In 1966, when his father began to travel extensively, Irwin, at age 13 was called upon as a primary lay leader.
He attended Carleton University School of Journalism in Ottawa where he graduated with honors in 1976. It was following his graduation that Irwin decided to leave the security of eastern Canada, and seek his own personal and Jewish identity.
After working for the Ottawa Citizen and Montreal Sunday Express, Irwin accepted a reporter position with a daily newspaper in Fort McMurray, Alberta, Canada; a small city located about six hundred miles north of the Montana border. The community of 70,000 and its surrounding area contain oil deposits more extensive than those of Saudi Arabia.
Irwin and wife Patte were married in 1991 in what was regarded as the most northerly Jewish wedding ever celebrated in Canada.
‘A chuppah and ark were built, kosher food for 300 was flown in from 275 miles, the local Sheraton hotel kitchen was koshered, and a Torah was borrowed,’ Irwin recalls.
Irwin was honored in 1985 as business leader of the year in Fort McMurray, and later as one of Alberta’s top ten business executives. His newspaper, the Fort McMurray Express was recognized by the Suburban Newspapers of America for excellence in marketing. His history book about Fort McMurray, ‘The Place We Call Home’ was published in 2001.
In 1995, the Hubermans moved ‘south’ to Edmonton. There he became a synagogue president, lay leader and bar/bat mitzvah teacher.

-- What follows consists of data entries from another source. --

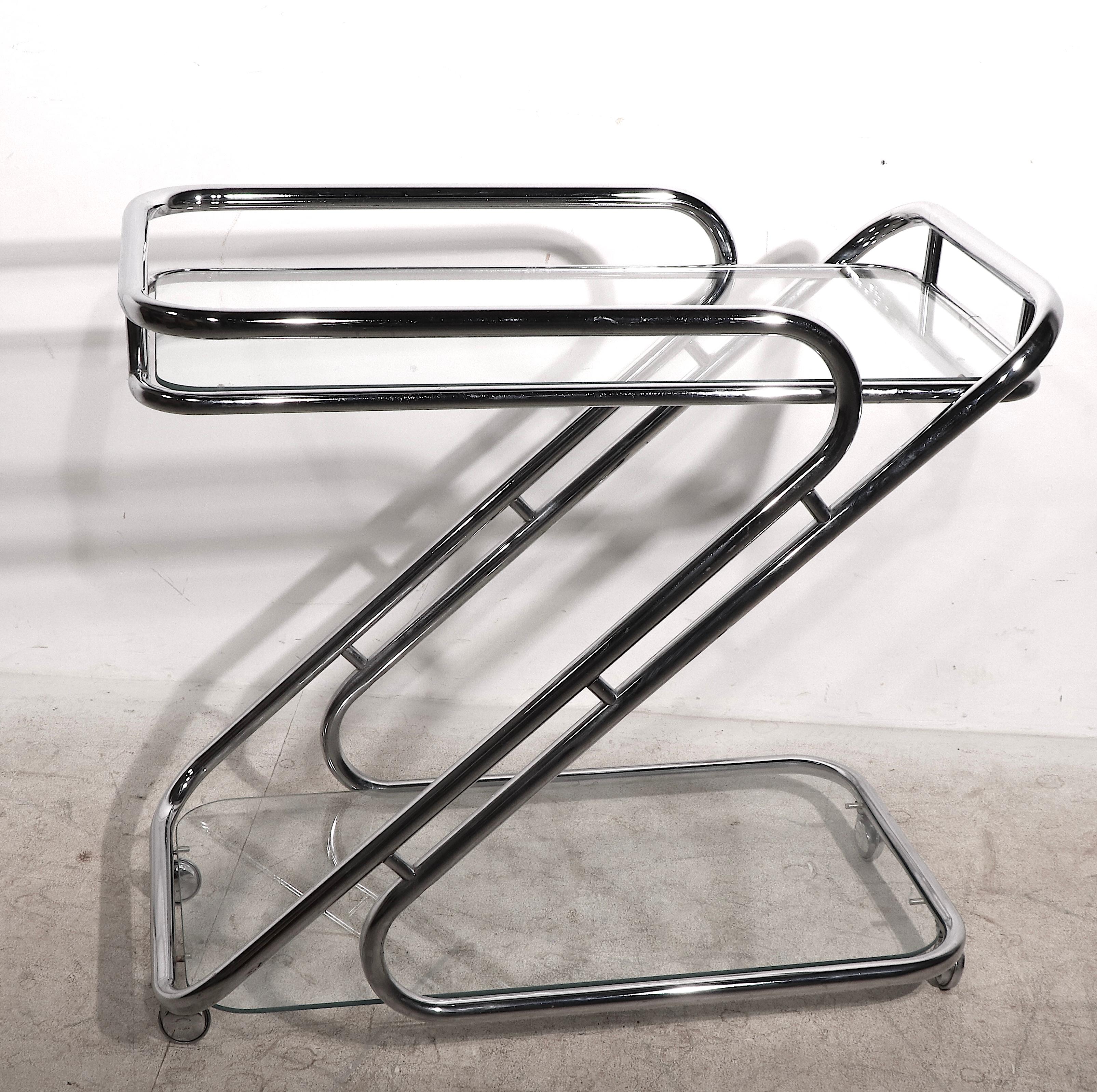 Exceptional Hollywood Regency style tubular chrome and glass two tier rolling bar cart, in the style of Milo Baughman. This example is unusually large, it is very well crafted and in very fine, original, clean and ready to use condition.
 Measures:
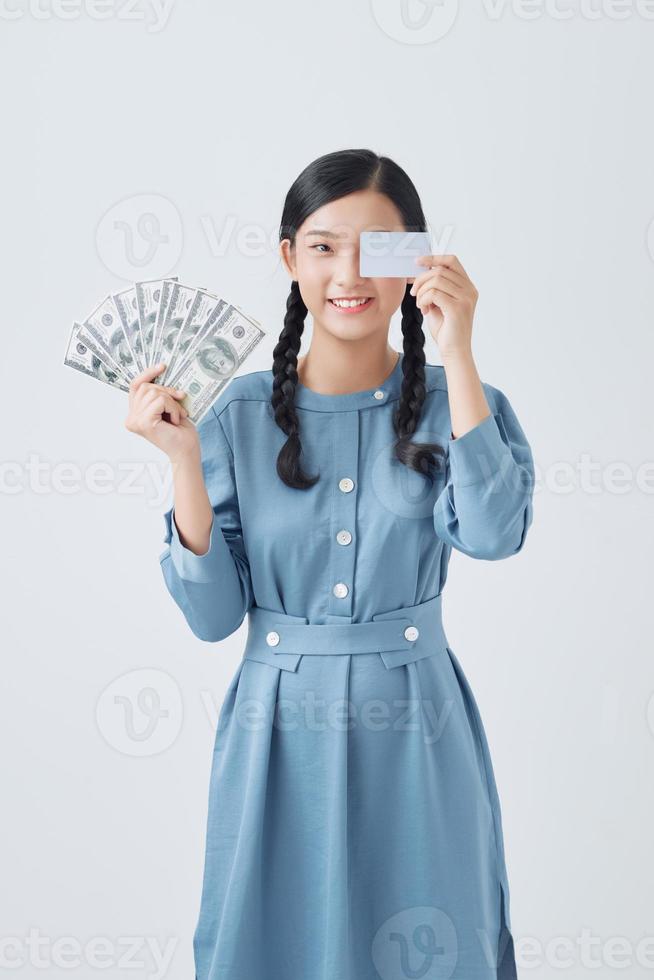 attractive young woman holding dollar banknotes and credit card isolated over white background photo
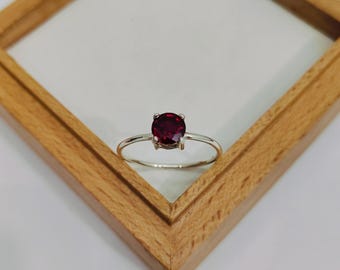 Puede incluir: Un anillo de plata con una gema redonda de color rojo intenso. El anillo está sobre un fondo blanco y enmarcado por un cuadrado de madera.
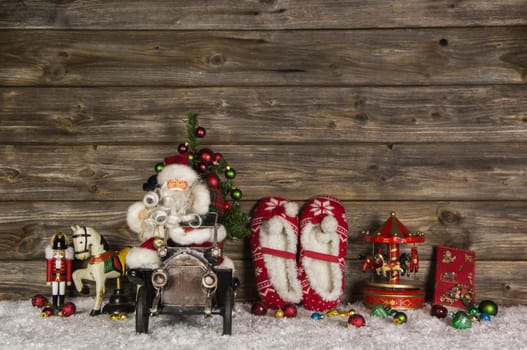 Nostalgic wooden christmas decoration with old toys on the background. Idea for a greeting card with Santa Claus.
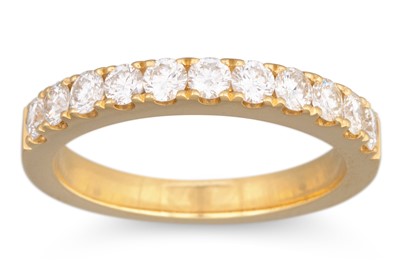 Lot 66 - A DIAMOND HALF ETERNITY RING, the brilliant...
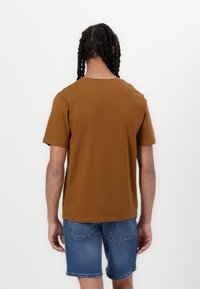 Camiseta de algodón marrón con un ajuste relajado y mangas cortas, vista desde la parte de atrás. Combinada con pantalones cortos de mezclilla azules.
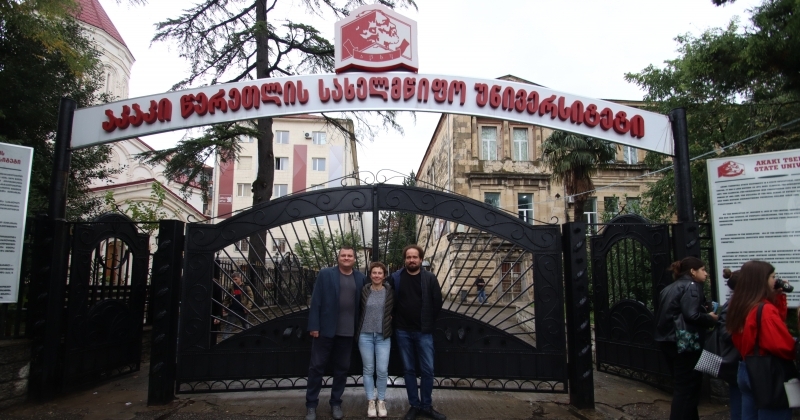 Three people against the background of the entrance gate and university buildings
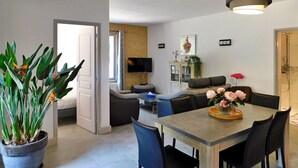 A modern living room with a dining area, a TV, and a plant. - Les Hauts De Sarlat La Caneda (SARLAT LA CANEDA)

In Edmonton, he launched a consulting company, offering advice on marketing, public participation and communications to the governments of Canada and Alberta, along with a series of health care authorities and native agencies.
Irwin also served as communications director for the environment ministries of both the governments of Alberta and Ontario.
In 2004, after viewing a video on ‘second-career rabbis’ at a Conservative women’s conference, wife Patte returned home and declared: ‘You are going to look at this video, and it’s going to change our lives. We are going to leave Edmonton, move to New York where you will attend rabbinical school and become a rabbi somewhere.’
Patte’s prediction was correct. Irwin began commuting weekly from Edmonton, located 3,000 miles away, to attend AJR in 2005, and then regularly from Toronto in 2006. The Hubermans moved to New York, and in mid-2006, began serving Congregation Tifereth Israel (CTI), a Conservative-affiliated congregation located in Glen Cove, Long Island.
In early 2007, Irwin became CTI’s full-time spiritual leader and has overseen the congregation’s growth from 150 to 210 families.
‘Being a rabbi for me has always been about serving people and honoring their stories,’ says Irwin. ‘I continue to be inspired by those I serve, and together we continue to build a community of care, compassion and lovingkindness.’
His Senior Project for AJR was titled: ‘Lashon Harah: Gossip and Libel in Text Messaging and the Internet.’ It focuses on the largely uncharted media of text messaging, Facebook, Twitter and email, and how clergy, educators, parents and others can play a role in influencing their use.
Irwin’s wife Patte is a Registered Nurse with a specialty in psychiatry. Daughter Jessica, a specialist in holistic health, and grandson Mason live in Toronto. Daughter Sarah is completing her doctorate in English Jewish History at Cambridge University in London. Son John, a person with autism, will celebrate his bar mitzvah on May 15.